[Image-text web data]
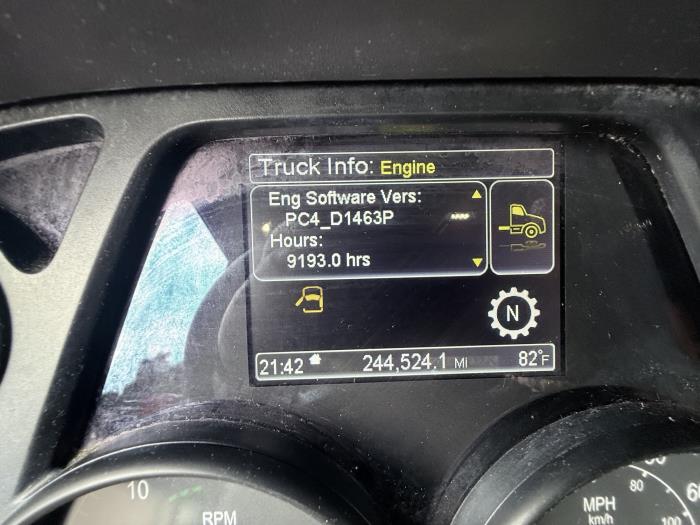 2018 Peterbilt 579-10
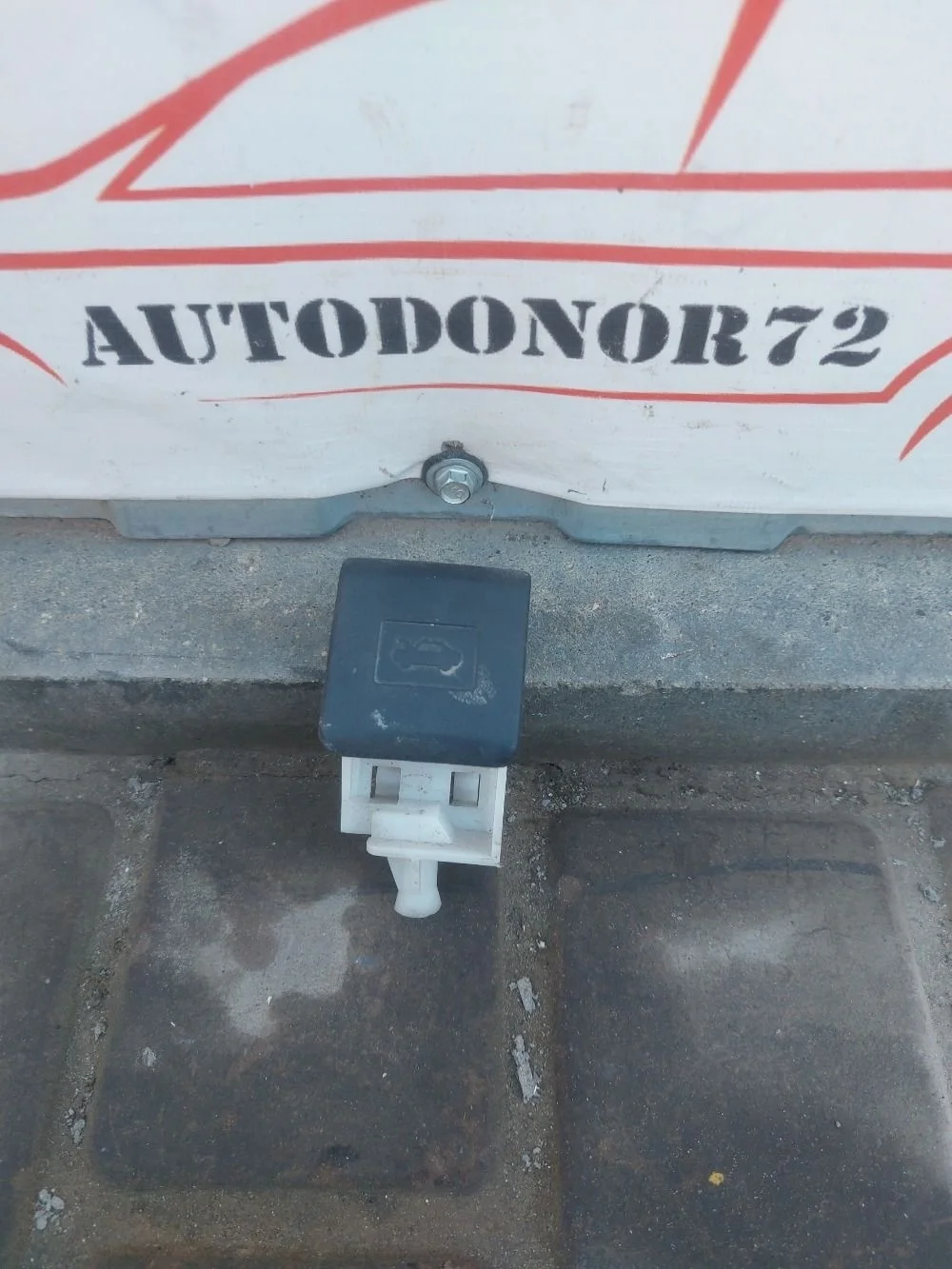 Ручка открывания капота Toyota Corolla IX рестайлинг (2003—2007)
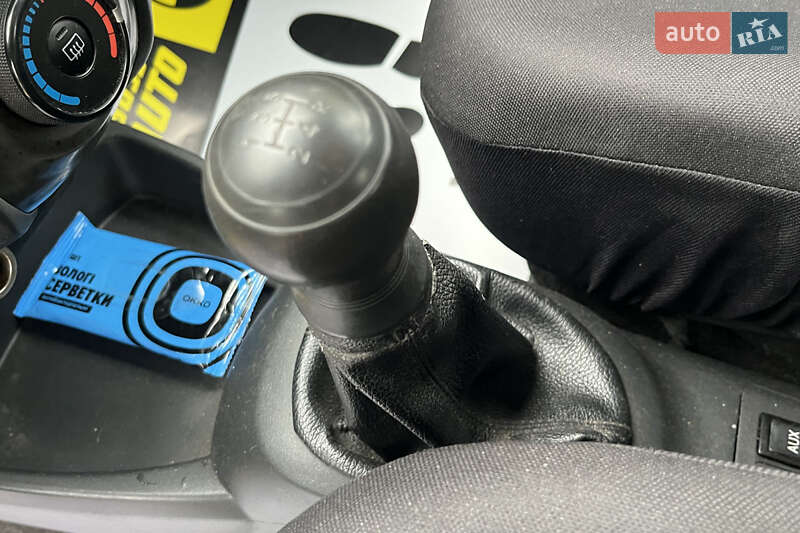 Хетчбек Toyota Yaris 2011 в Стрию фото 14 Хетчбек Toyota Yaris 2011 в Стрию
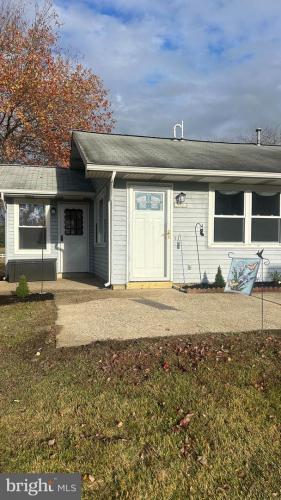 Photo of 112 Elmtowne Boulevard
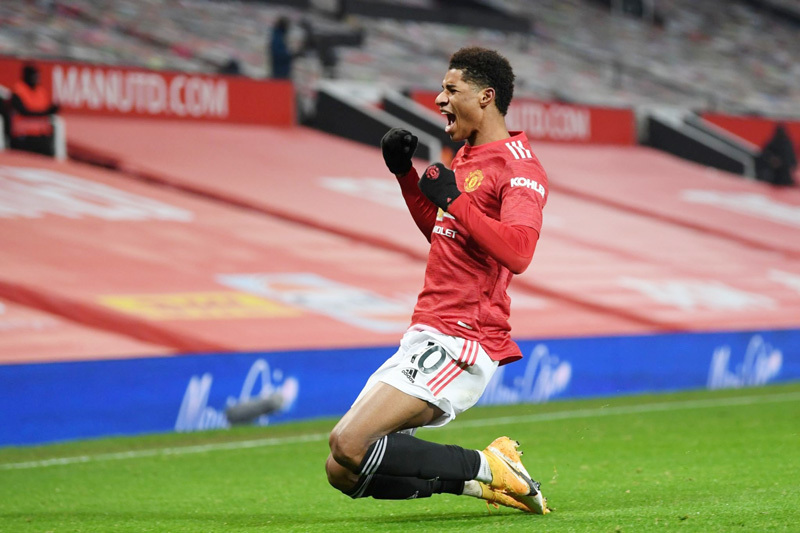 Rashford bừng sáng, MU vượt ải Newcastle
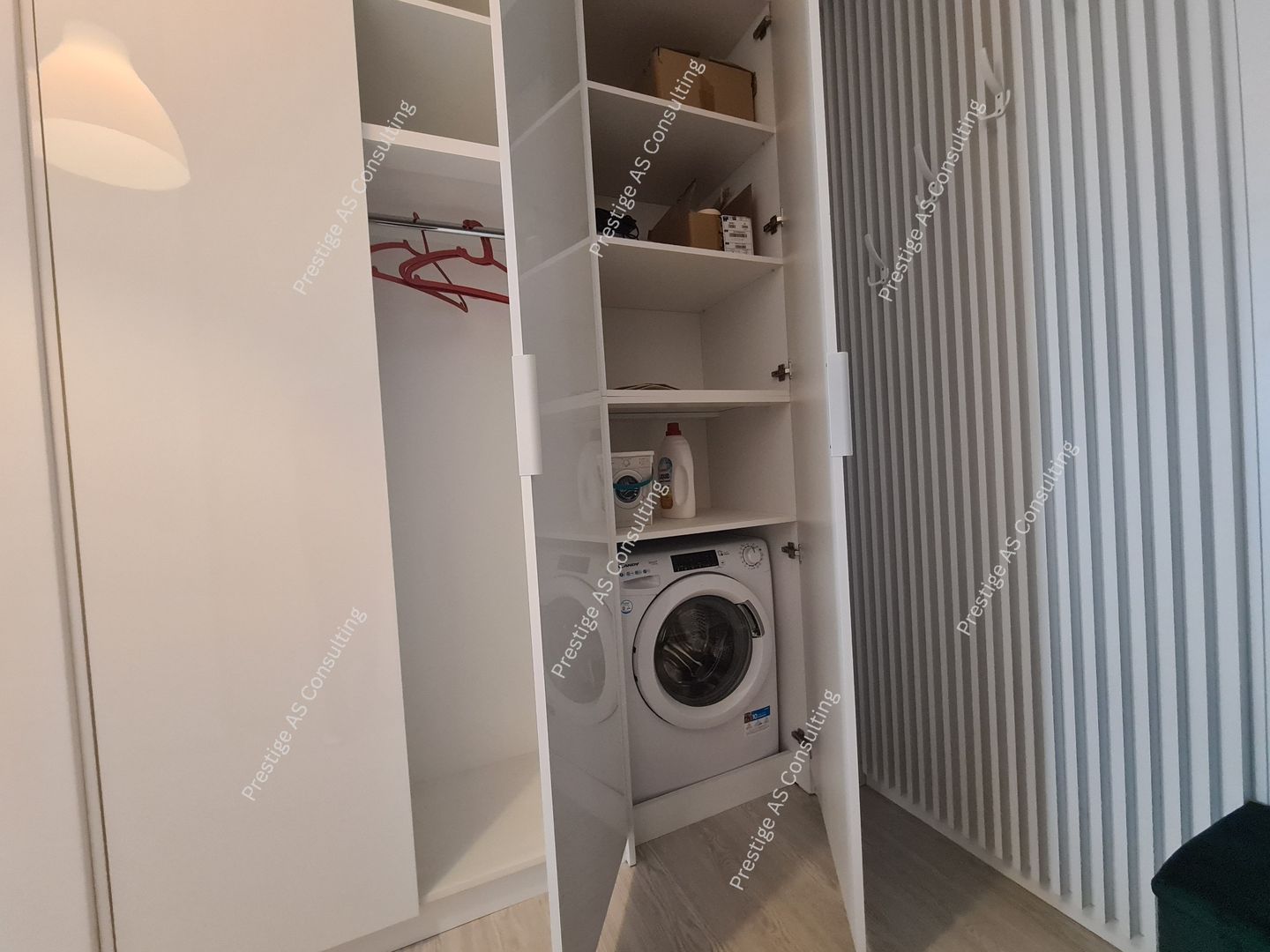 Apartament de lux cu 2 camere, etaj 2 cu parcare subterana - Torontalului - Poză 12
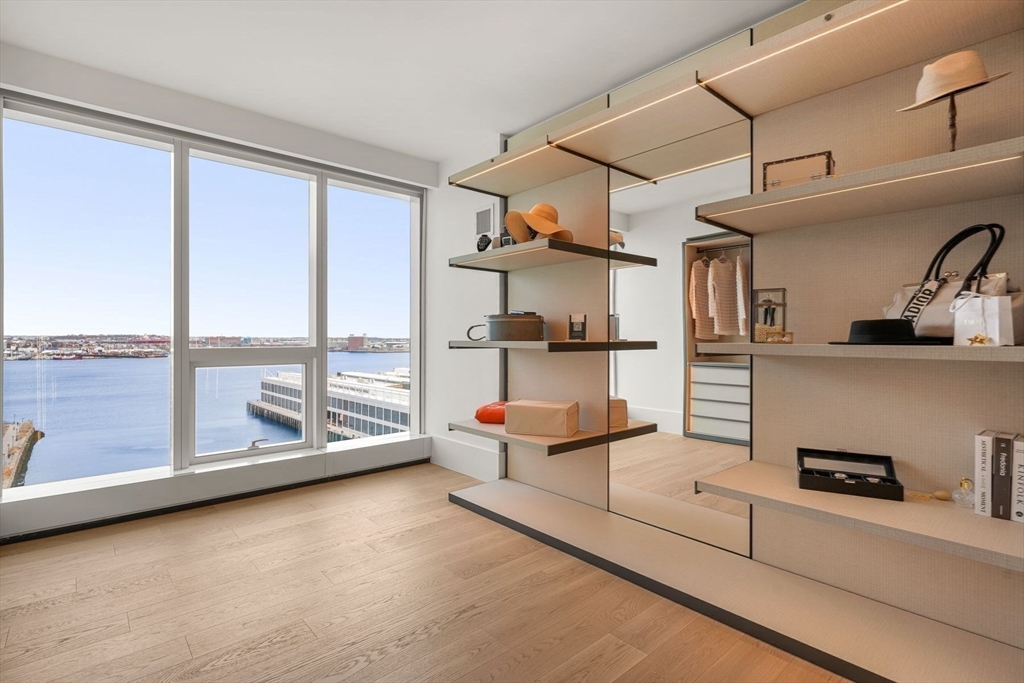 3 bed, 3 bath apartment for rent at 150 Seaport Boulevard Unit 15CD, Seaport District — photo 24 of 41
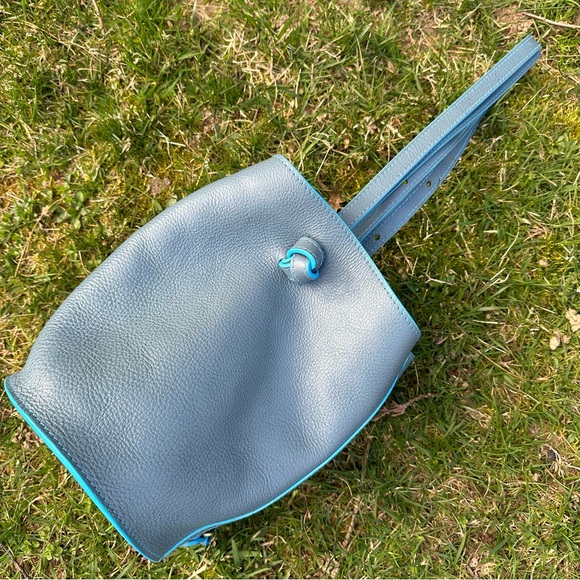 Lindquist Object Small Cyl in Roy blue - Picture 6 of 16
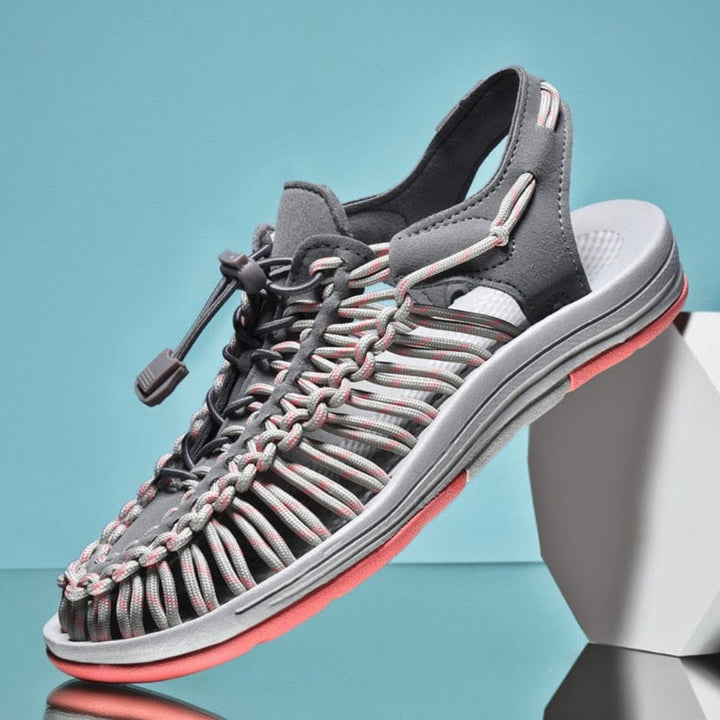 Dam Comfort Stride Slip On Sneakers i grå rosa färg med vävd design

AIM OF THE EXERCISE:
Starting at the line that contains "Lindquist Object Small", return every line through the end of the records above exactly as written, and return no pictures.

SOLVED EXERCISE:
 Lindquist Object Small Cyl in Roy blue - Picture 6 of 16
 Dam Comfort Stride Slip On Sneakers i grå rosa färg med vävd design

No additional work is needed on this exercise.